The game of life is not so much in holding a good hand as playing a poor hand well.
H. T. Leslie (19c English composer)
Strategy is a general course of action (rather than a detailed plan). We often choose one out of habit, so it is common to be blind to some possibilities and recognise them only retrospectively. The purpose of this area is to reduce this occurrence. To do so, the basic ways of approaching problems are considered first and then a number of specific methods are suggested.
Facing the problem Problems
themselves are not a problem – we like them and create them when we don’t have them (e.g. crosswords, games etc.). The real problem arises when we don’t know how to solve them. But to be able to solve them, we need to face our problems first. Putting them off might bring temporary relief, but this often allows them to grow and makes things worse. However, it is usually not a good idea to deal with several problems at the same time, so when you decide to face your problems you need to prioritise. To choose which one to tackle first, take into account their importance and also which ones may grow if unattended.
What’s the problem?
Once you have made a choice, the first step is to clarify what the problem really is. This is often neglected, and it is more difficult than it sounds. Saying, for example, ‘I am not happy at work’ is not sufficient. You need to specify the cause of your discontent (e.g. ‘I am not paid enough’, ‘I am not getting along with my colleagues’, ‘my workload is too heavy’, etc.). If you think this is easy or that it doesn’t matter, try this example: John’s wife has left him, he is drinking too much, and is in danger of losing his job. What is his problem? (The prospect of losing his job? Drinking? Not coping well with the break-up? Something else?) Perhaps there isn’t a definitive answer, but there is no doubt that whatever you come up with will affect your choice of possible solutions.
Distancing: defining a problem accurately is essential because it determines what directions and solutions will be considered. This often requires looking at the problem from different perspectives, which is easier if you distance yourself temporarily from it. One way of doing this is to imagine, for example, that this is somebody else’s problem. Distancing does not imply neglecting your feelings, but attending to them separately, in order to be clearer about what the problem really is. Once you have defined your problem, you can choose a general strategy.

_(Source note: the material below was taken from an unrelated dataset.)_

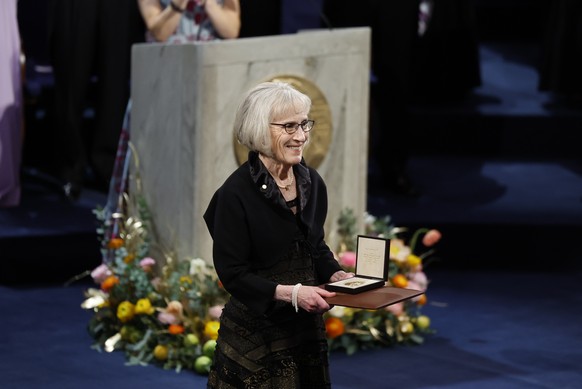 epa11021680 Professor Claudia Goldin receives the 2023 Nobel Prize in Economic Sciences during the Nobel Prize 2023 award ceremony at the Concert Hall in Stockholm, Sweden, 10 December 2023. EPA/CHRIS ...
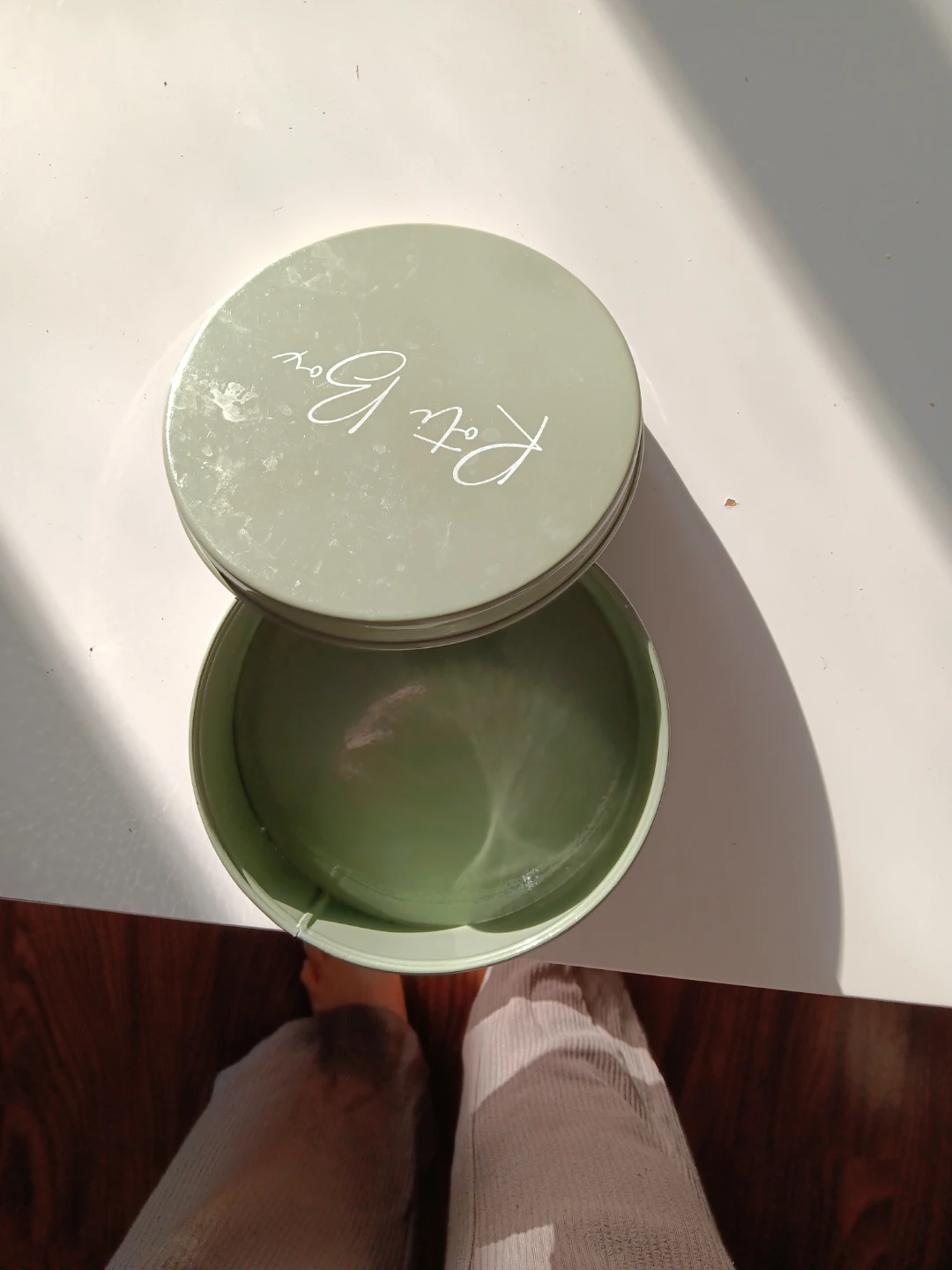 Moving Out sale-Roti Box Round Tin Container - photo 2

There are four basic ways of dealing with a problem:
|I cannot (change the situation)||I can (change the situation)|
|Not worthwhile (changing myself)||Isolation (e.g. ignore, close down)||Avoidance (e.g. leave)|
|Worthwhile (changing myself)||Adaptation (e.g. change your views)||Confrontation (e.g. new solutions)|
Let’s assume that your problem is, for example, working with colleagues who have radically different views (e.g. they are sexist). You can: ignore them (isolation), change the job (avoidance), adopt their views (adaptation), or try to address the issue (confrontation). Just to be clear, the term confrontation refers to confronting a problem in order to make some changes, rather than arguments or fights with others. Avoidance also doesn’t mean running away from a problem, but dealing with the problem by removing yourself from the situation. None of these methods is superior; it is always useful to consider all of them (sometimes they can even be combined, as in the case of a compromise). They are possible in almost any situation, although not all of them can always bring a desirable outcome. Which one is best in a particular situation depends on circumstances and the person(s) involved. What should be taken into account is the risk and possible consequences, what can be achieved and what can be lost.

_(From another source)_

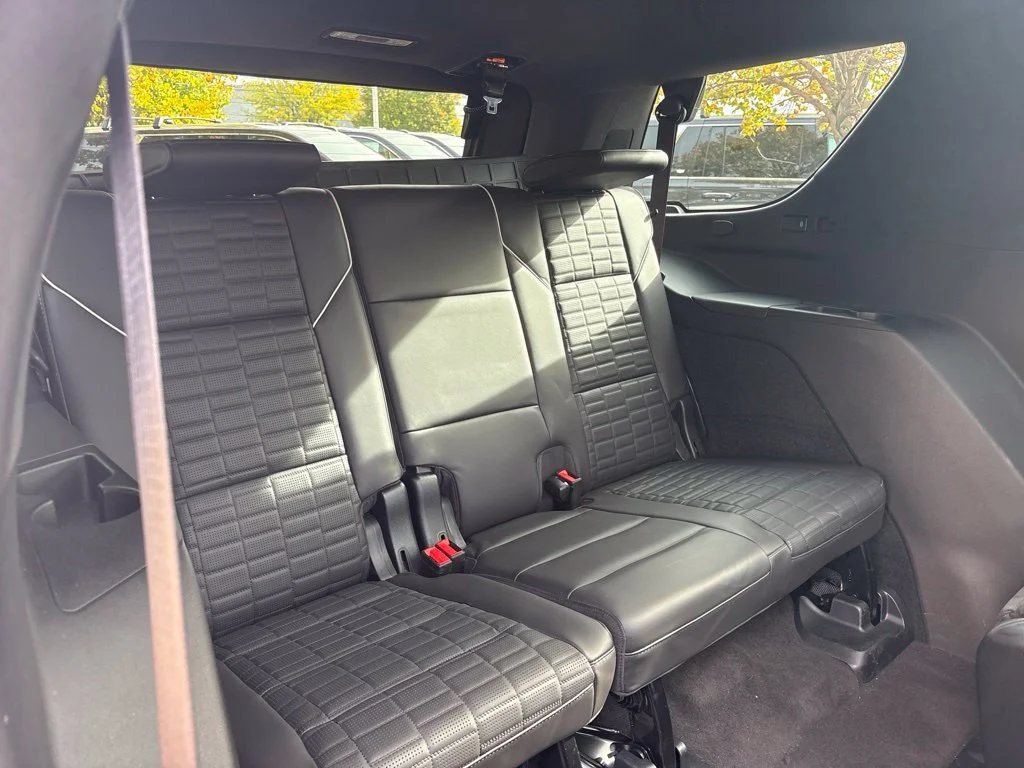 Used 2022 Crystal White Cadillac Sport Platinum image 25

Choosing a general strategy may not always be enough. You also need to find a way to implement each step of the action. If you anticipate whatever may happen, play different scenarios in your mind, and find solutions for them, you should be on top of the situation. If you feel stuck, remember that there are always more possibilities than appear at first sight. Finding new solutions requires a new, fresh approach to the problem. Two main barriers to this are habit (choosing what you usually choose) and conformity (choosing what others usually choose). The following techniques may help you to overcome this.

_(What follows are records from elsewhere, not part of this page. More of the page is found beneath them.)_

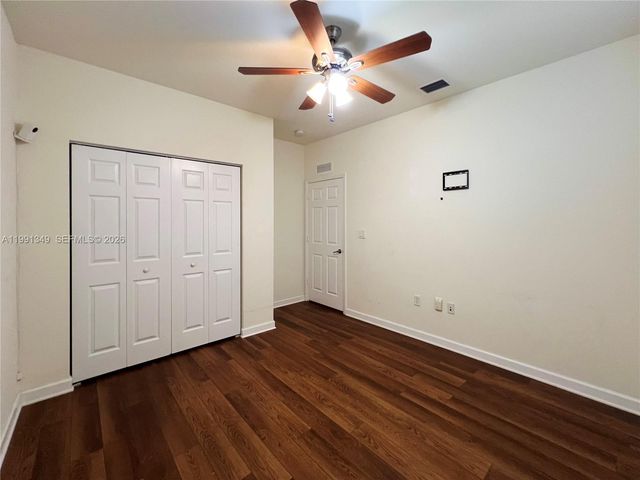 422 SE 34th Ter 422, Homestead, FL 33033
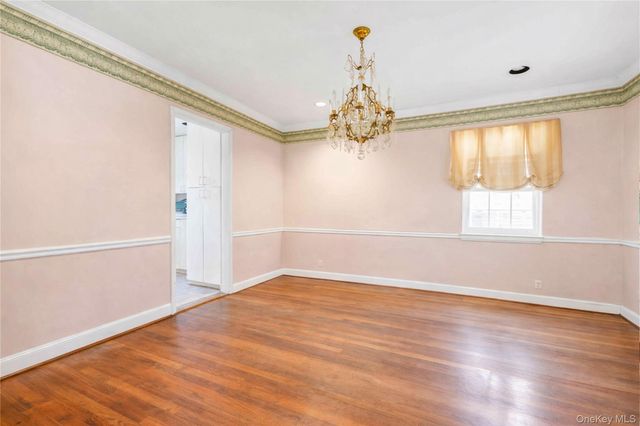 61 Squirrel Hill Road, East Hills, NY 11577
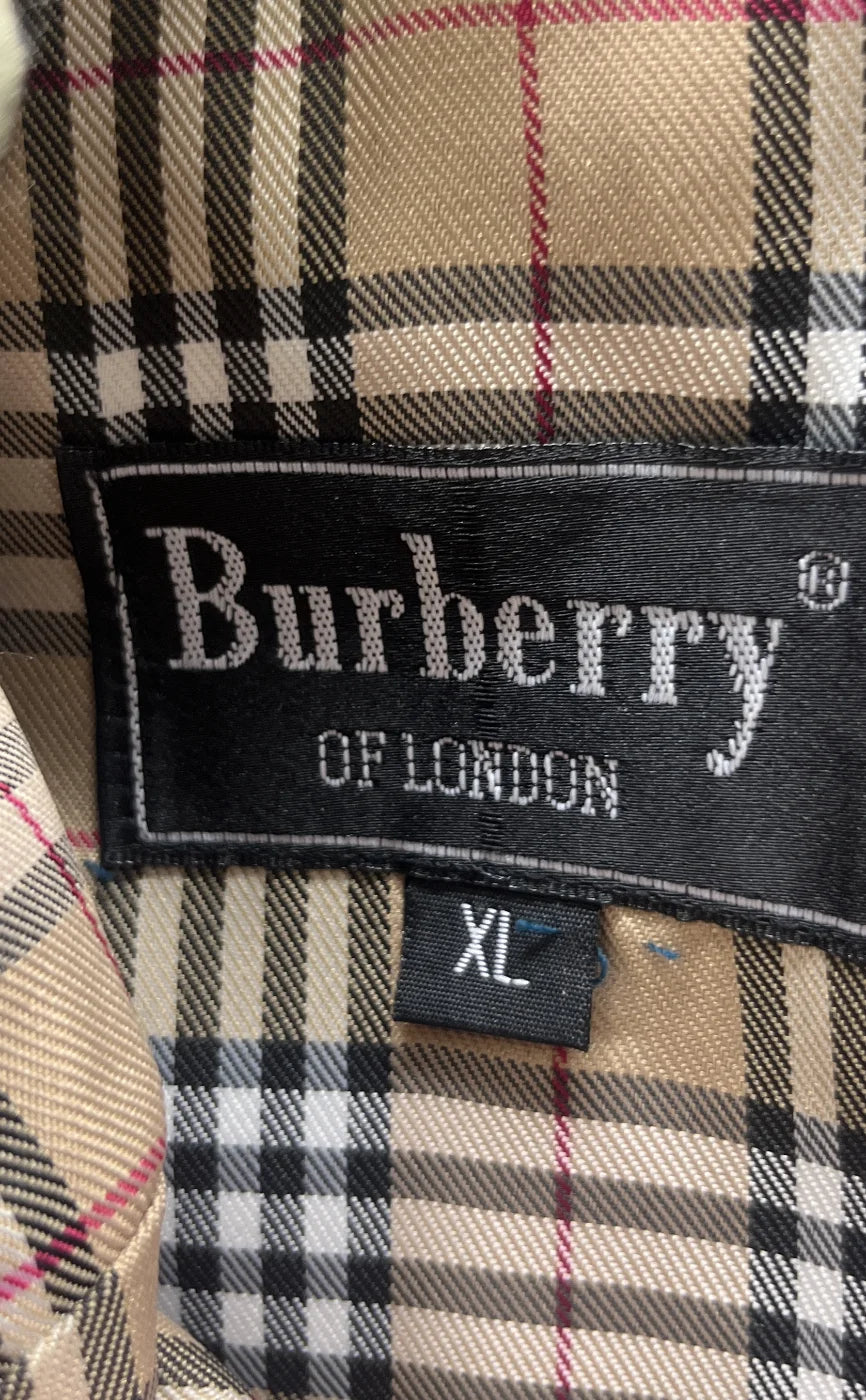 Burberry olivgrön huva kappa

Brainstorming: finding a solution consists of two mental processes: generating ideas and evaluating them. The trouble is that we usually carry these out at the same time. Brain-storming is useful because it separates them:
- Jot down in quick succession as many ideas as possible that come to mind in connection with the problem. Don’t evaluate them at this stage; sometimes the best solutions can be hidden in seemingly absurd thoughts.
- When this is done, pick one of these ideas and see what you can make out of it and how it can become practicable. Go through this process with the other ideas until you find a satisfactory solution.
Friendly advice: we always know how to solve somebody else’s problem better than our own! So simply ask yourself what advice you would give to somebody else in a similar situation.
Picture problem: do some doodling while you are thinking about your problem and when you finish, try to ‘read’ the drawing and see how it can help you solve the problem.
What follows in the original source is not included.